Brussels All of us at the International Crisis Group are deeply saddened by the news of the death today of Indonesian Presidential Adviser and former Foreign Minister Ali Alatas, a recently-elected member of our Board of Trustees and a long-standing friend and colleague of many Board and staff members. We express our deepest condolences to his widow Junisa and all his family.

Ali Alatas was a wise and enormously respected international statesman who played an important role in managing Indonesia’s transition from authoritarian military rule to flourishing democracy, in consolidating ASEAN’s role as a major force for maintaining peace and stability in a long-volatile region and in being an effective communications bridge over many years between the developing and developed world in the UN and other multilateral forums.
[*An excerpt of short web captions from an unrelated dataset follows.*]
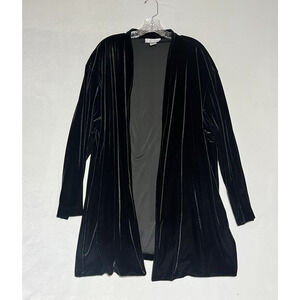 August Max Woman Velvet Cardigan Sweater Womens 3X Black Open Long Sleeve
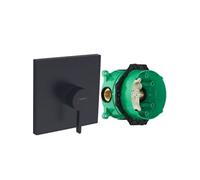 Façade robinet encastré mécanique Finoris Noir mat + Corps encastré universel iBox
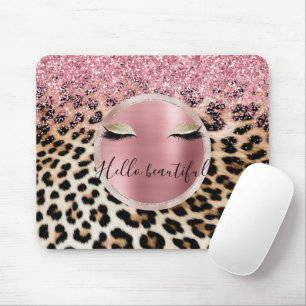 Glitzy Pink Glitter Gold Eyelashes Leopard     Mouse Pad
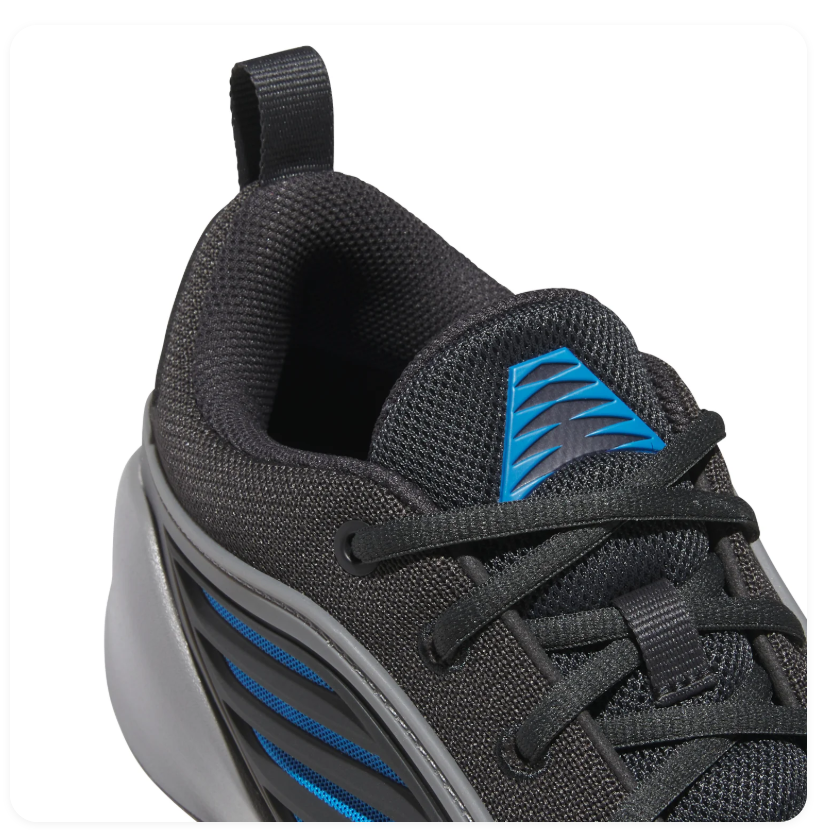 Adidas Black and Grey Sneakers with Bright Blue Side Accents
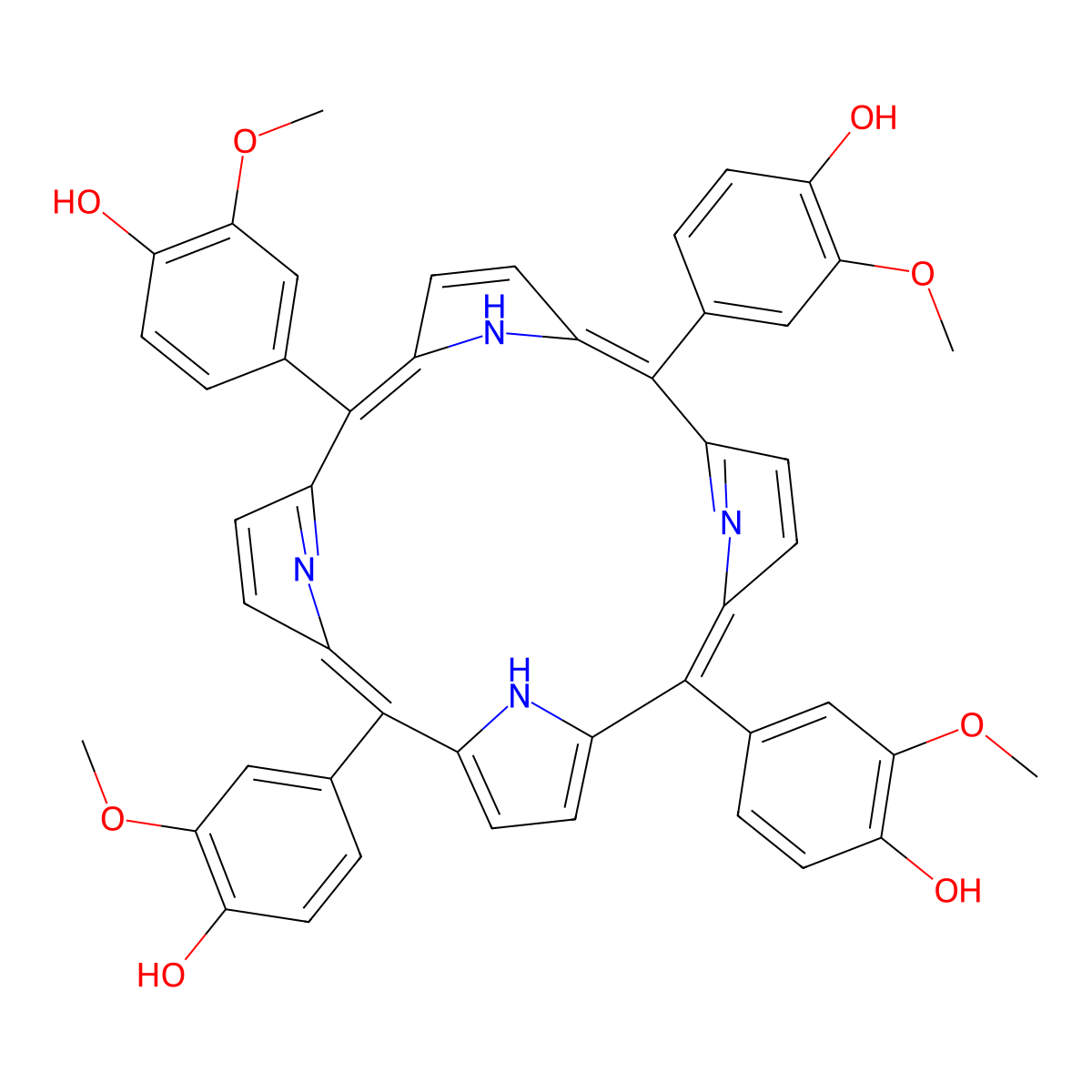 meso-Tetra(3-methoxy-4-hydroxyphenyl) porphine molecular structure, CAS 22112-80-7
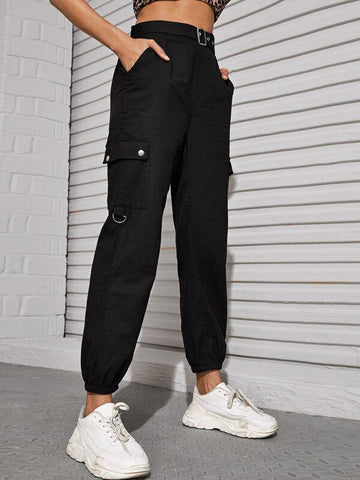 Self Tie Flap Pocket Cargo Pants - takostyle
I personally feel a particular sense of loss at Ali’s passing. He and I, appointed as our country’s foreign ministers in the same year – 1988 – worked closely together to restore the then very damaged bilateral relationship between Indonesia and Australia; to try to find a solution to the divisive issue of East Timor, on which he was always (as Jose Ramos Horta among others has subsequently acknowledged) a moderate and constructive voice, though working against very difficult odds until the end of the Suharto era; to try to sustain external pressure against the Burmese military regime’s human rights violations; and above all – between 1989 and 1993 – to devise and implement the UN peace plan for Cambodia, initially an Australian initiative but one which could never have been successfully carried through without Ali’s immensely skilled and deft diplomacy. Most recently we have worked together on the Australia-Japan initiated International Commission on Nuclear Non-Proliferation and Disarmament, on which, as always, he was knowledgeable, wise, forward looking – and, along with Junisa, very good company.